If you get your news from Fox or a handful of other news outlets that are not, to be charitable, best known for their fact checking, you will be relieved to learn that wind farms do not add to climate change.

Yesterday, Fox News completely misreported a new scientific study dealing with the earth’s surface temperature and the effects of wind farms on it. According to Fox, the windmills, which actually reduce global warming, contribute to it! While most attribute the error, later picked up by other news sites, to shoddy reporting and the increasingly short news cycle, Fox is known to be a booster of big oil.

While Fox News concluded that “wind ain’t working,” Liming Zhou, the study’s lead researcher, characterized Fox’s coverage as misleading.

“We need to realize that the build-up of CO2 in the atmosphere due to the burning fossil fuel will have global impacts,” Zhou wrote in a question-and-answer piece, “while the warming effect reported in this study is local and is small. Generating wind power creates no emissions, uses no water, and is likely green. Wind power is going to be a part of the solution to the climate change, air pollution and energy security problem.”

The actual study, published April 29 on the website of the science journal Nature, studied the effects of wind farms on the temperature of the earth’s surface in areas directly near the wind farms.

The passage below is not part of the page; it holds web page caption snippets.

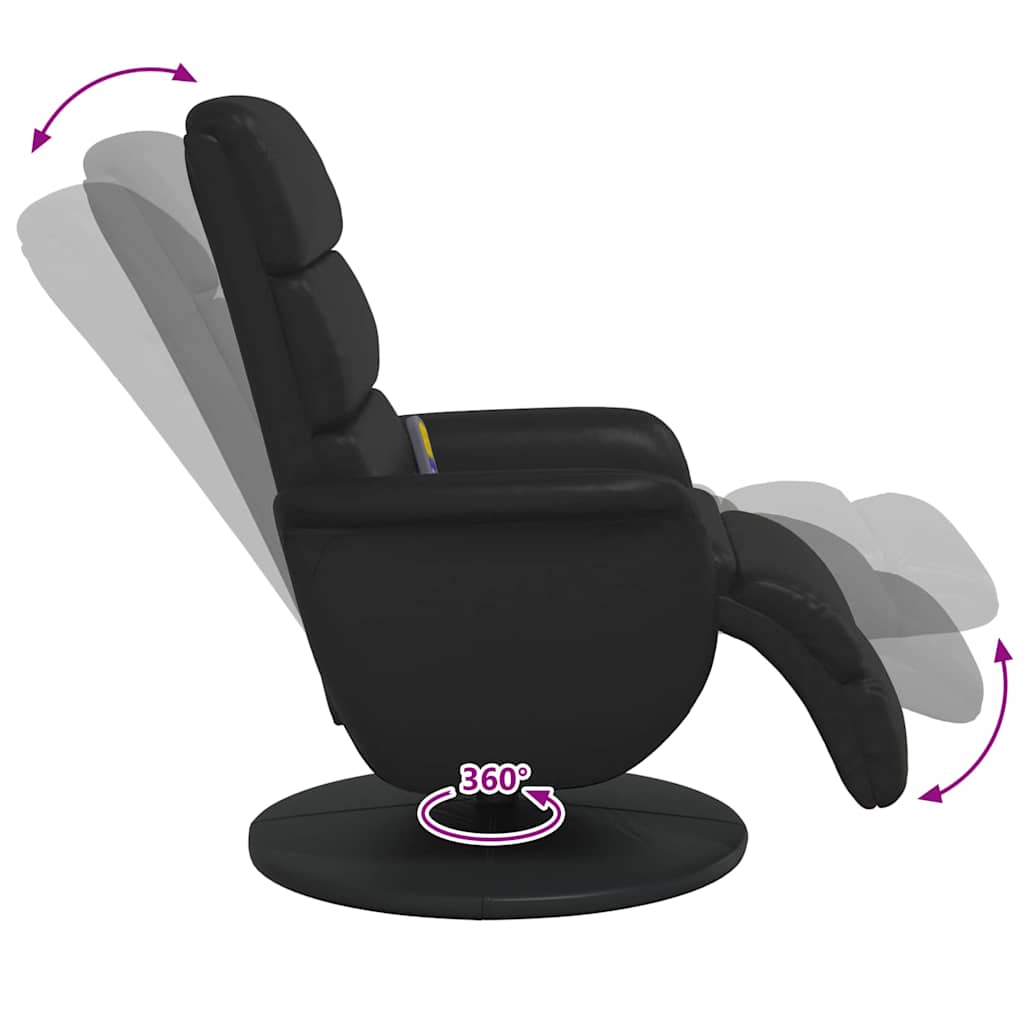 vidaXL Massage Recliner Chair Black 71 x 98 x 106 cm Faux Leather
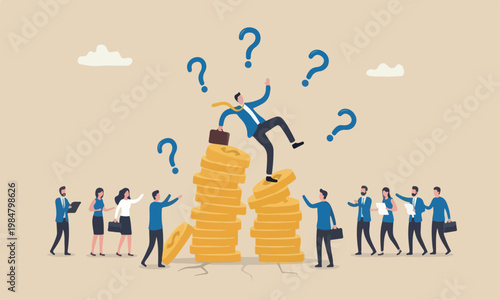 Foto Financial bankruptcy the illustration is modern, flat design with clean lines an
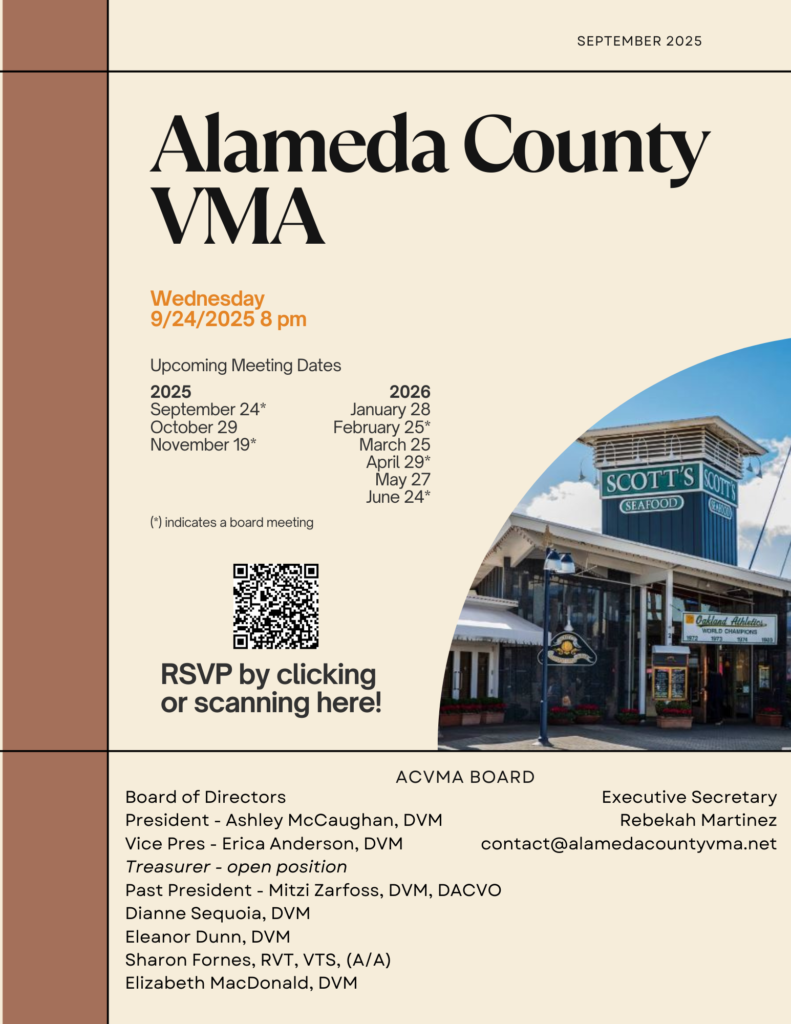 Alameda County VMA September 2025 Newsletter Page 1 Wednesday 9/24/2025 8 pm Scott's Seafood Grill & Bar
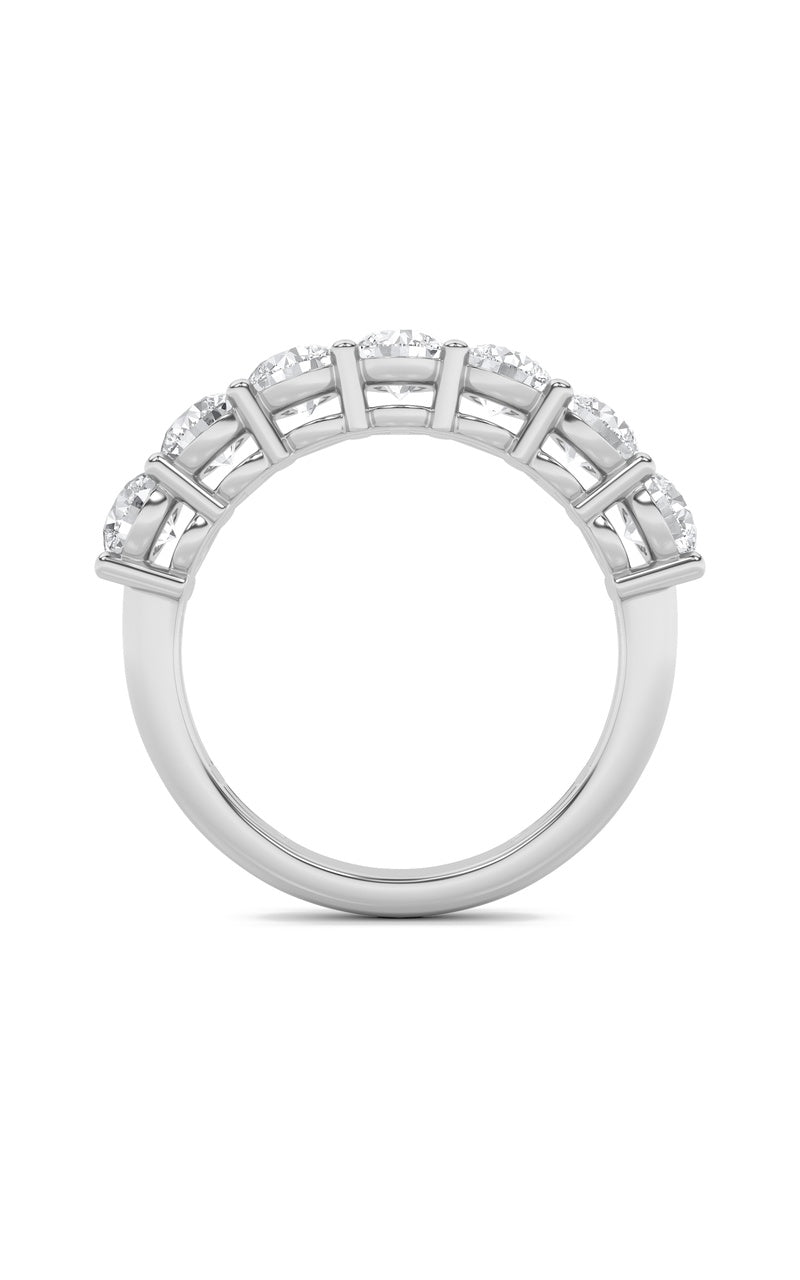 2Cttw Round Shaped Lab Grown Diamond (F/VS) SevenStone Band Ring in 14K Gold
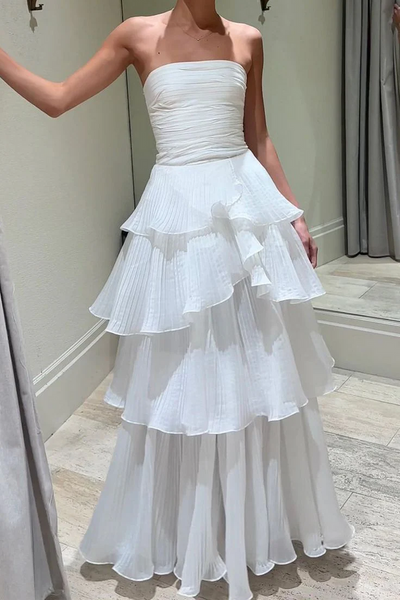 Strapless Tiered Straight Sleeveless Ruffles White Prom Formal Dress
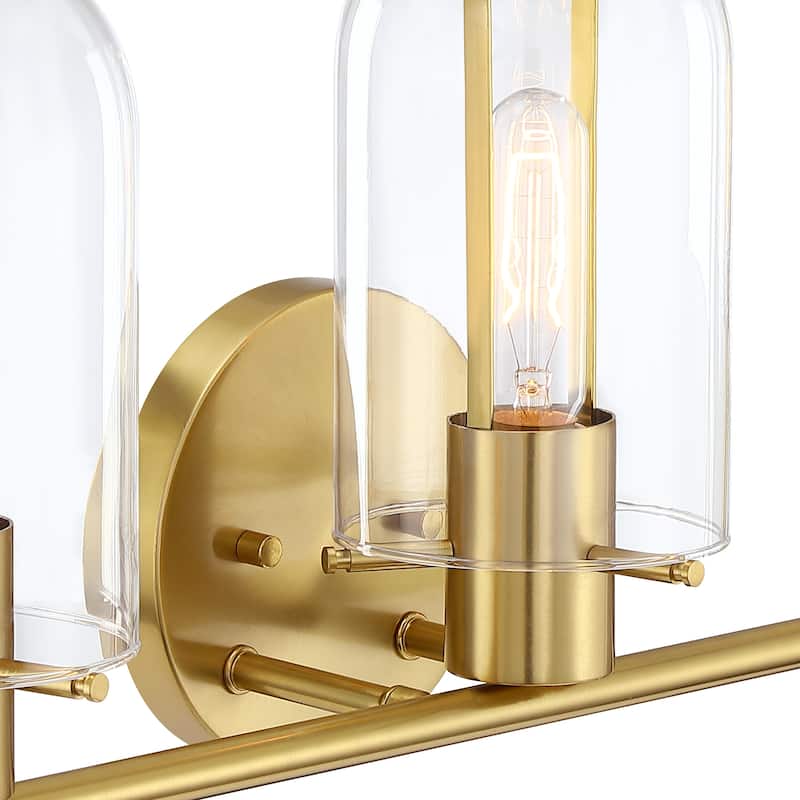Skylar 24.5 in. 3-Light Brushed Gold Vanity Light with Clear Glass Shades for Bathrooms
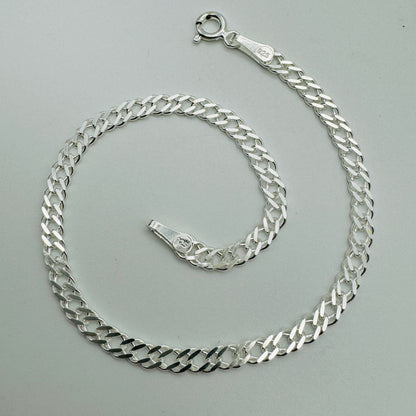 925 Sterling Silver 3mm Double Curb Bracelet 8 Inch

The researchers studied west Texas, where four of the world’s largest wind farms are located. They analyzed satellite data collected from 2003-2011, and concluded that the wind farms there may cause a “significant warming trend of up to .72 [degrees Celsius] per decade.” The likely reason for the warming is that windmills act as fans, pulling warmer air from above down to the surface, especially during nighttime hours.

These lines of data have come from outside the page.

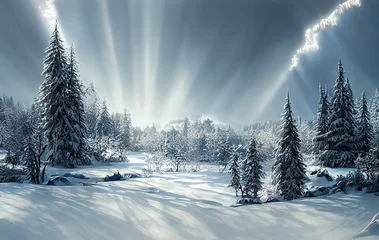 Fotobehang Beautiful winter landscape.  Majestic white spruces glowing by sunlight. Picturesque and gorgeous wintry scene.  © Viks_jin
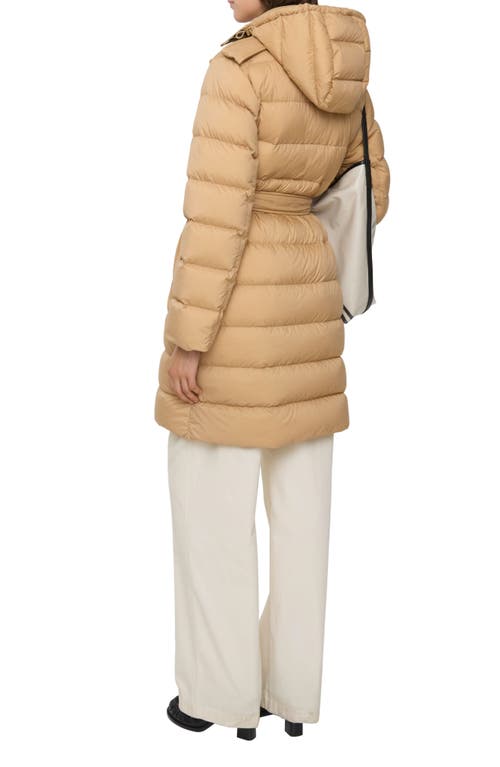 Burberry Kent Belted Down Puffer Jacket In Brown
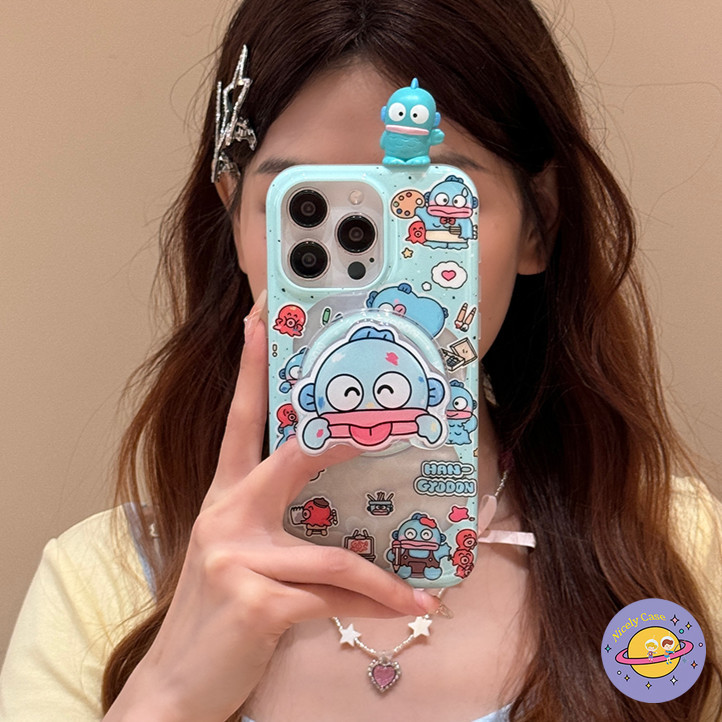 ǒ Cute Laser Love Heart Sanrio Hangyodon Ugly Fish Holder Stand Magnetic Wireless Charging Phone Cas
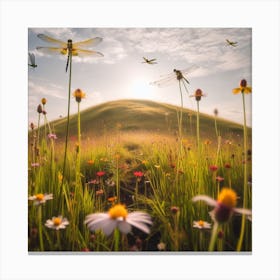 Dragonflies In The Meadow Canvas Print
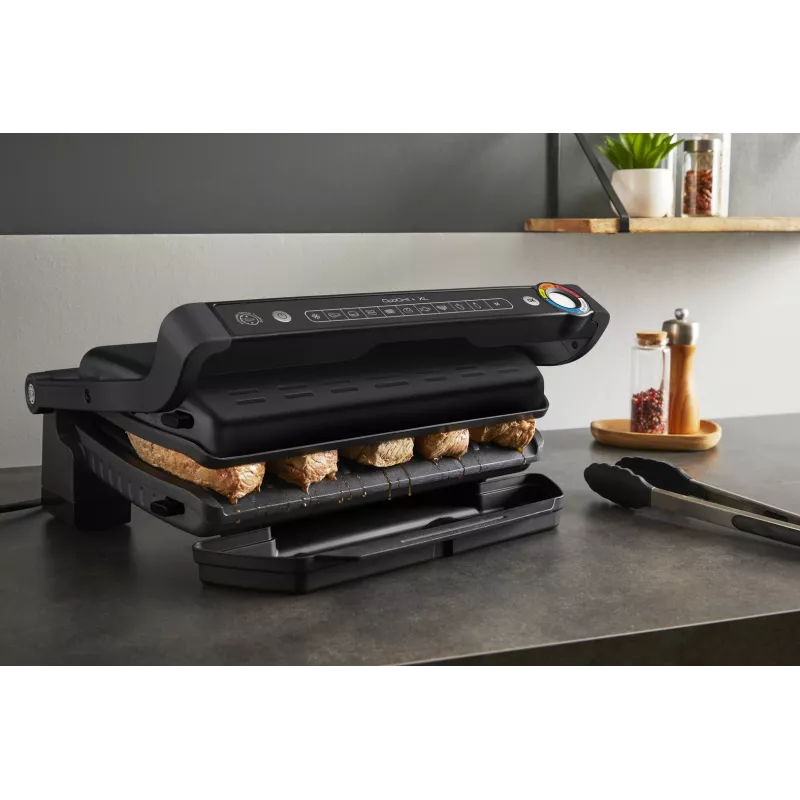 Kontaktgrill Tefal Optigrill+ XL GC727810 2000W, rechteckig, einstellbarer Thermostat, schwarz, 445×365×175mm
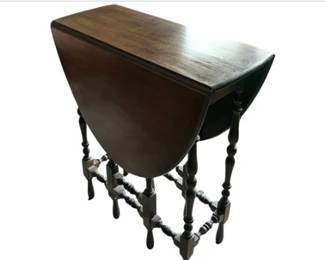 Vintage Gate Leg Table - Opens To Oval Dining Surface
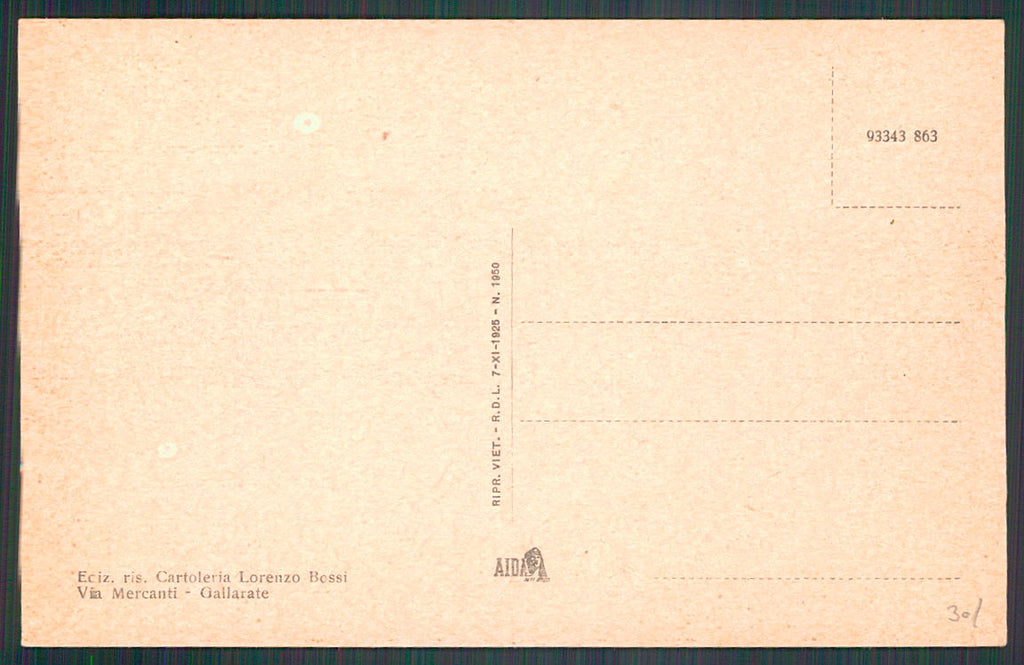 Varese Gallarate Scalinata stazione fascismo cartolina TC0092 – retro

The scientists concluded that the windmills were responsible because the area that showed the highest surface warming correlated closely with the actual geographic area of the wind farms themselves.

Zhou, who took umbrage with the media’s portrayal of his team’s research, emphasized that wind farms do not contribute to global warming.

While Zhou is clear that there is no connection between global warming and wind farms, he does argue that more research needs to be done so as to best ensure that wind farms do not disrupt local micro-environments.

“Understanding the impacts of wind farms is critical for developing efficient adaptation and management strategies to ensure long-term sustainability of wind power,” he wrote.

Photo: Wind farm in Texas. Talon Kasmai // CC 2.0

Editor’s note: Due to an error in the editing process, a decimal point was inadvertently deleted from this article. Heat from the wind farms could warm surface temperatures locally by .72 degrees per decade, not 72 degrees. We apologize for the error and thank our readers for pointing it out.